— YOUR GOAL —
From the line containing "Vicentini Gomez lança livro infantil" to the last line of the data, both included, transcribe each line exactly, leaving out pictures and adding nothing.

— COLLECTED MATERIAL —

*** Block opens ***

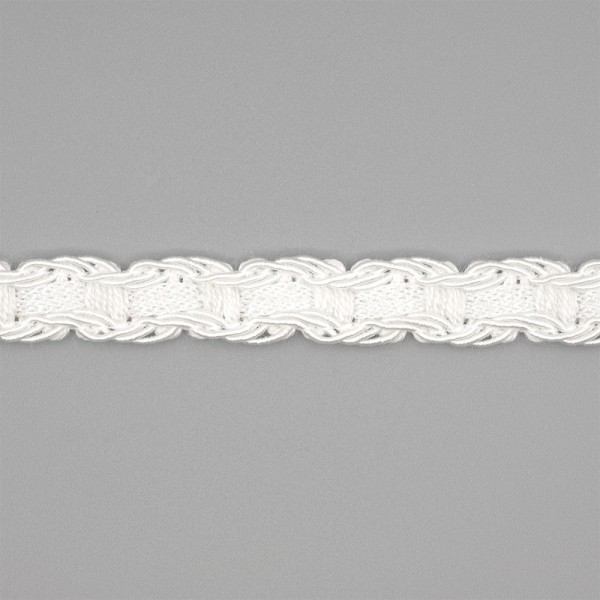 BRAID TRIMMING WITH RIBBON 12MM - WHITE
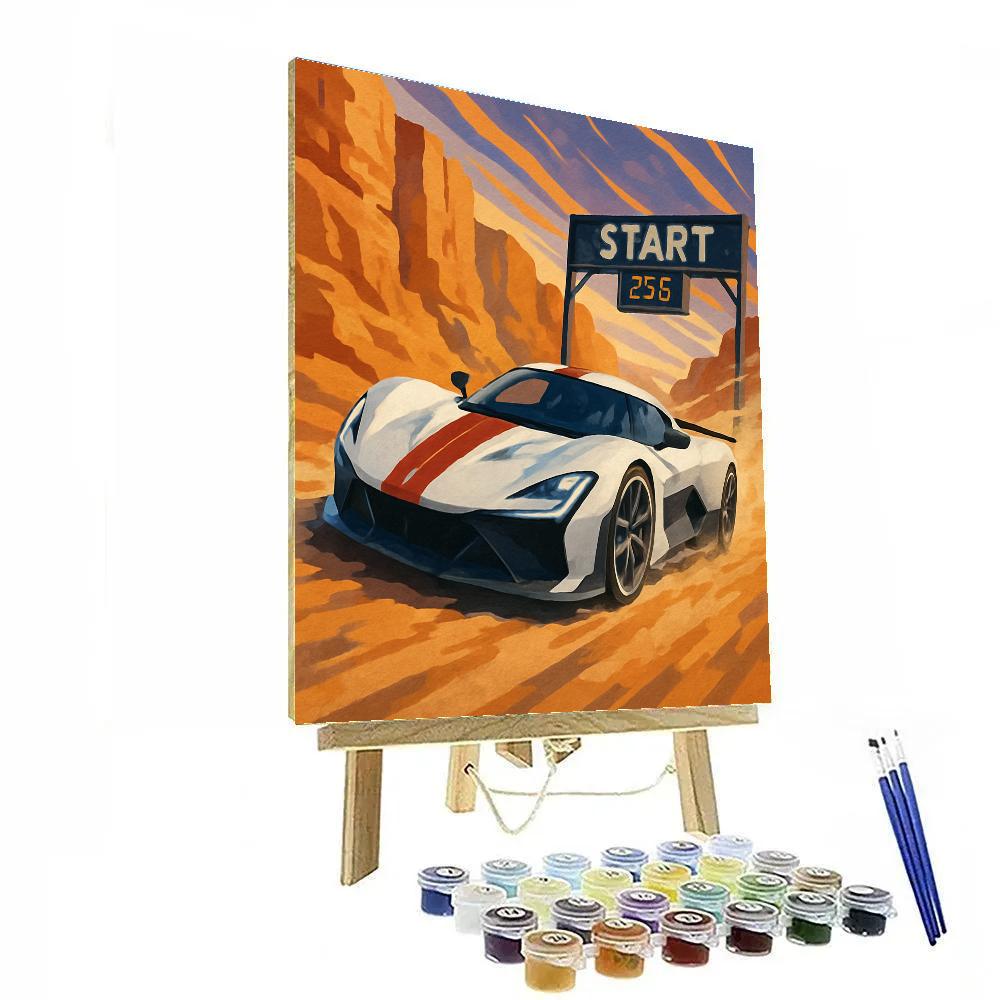 Solar Flare Sprint Cars paint by color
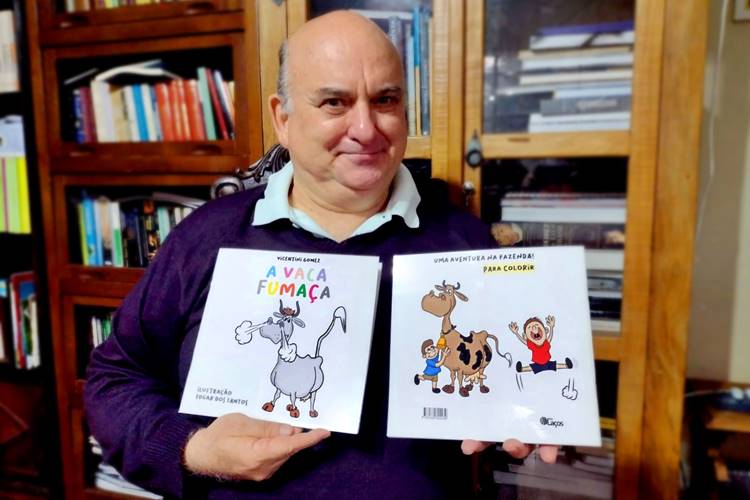 Vicentini Gomez lança livro infantil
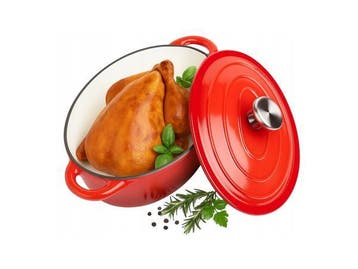 Veiling - Geëmailleerde Gietijzeren Braadpan 6.4 L– Diep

*** Block closes ***

— SOLUTION —
 Vicentini Gomez lança livro infantil
 Veiling - Geëmailleerde Gietijzeren Braadpan 6.4 L– Diep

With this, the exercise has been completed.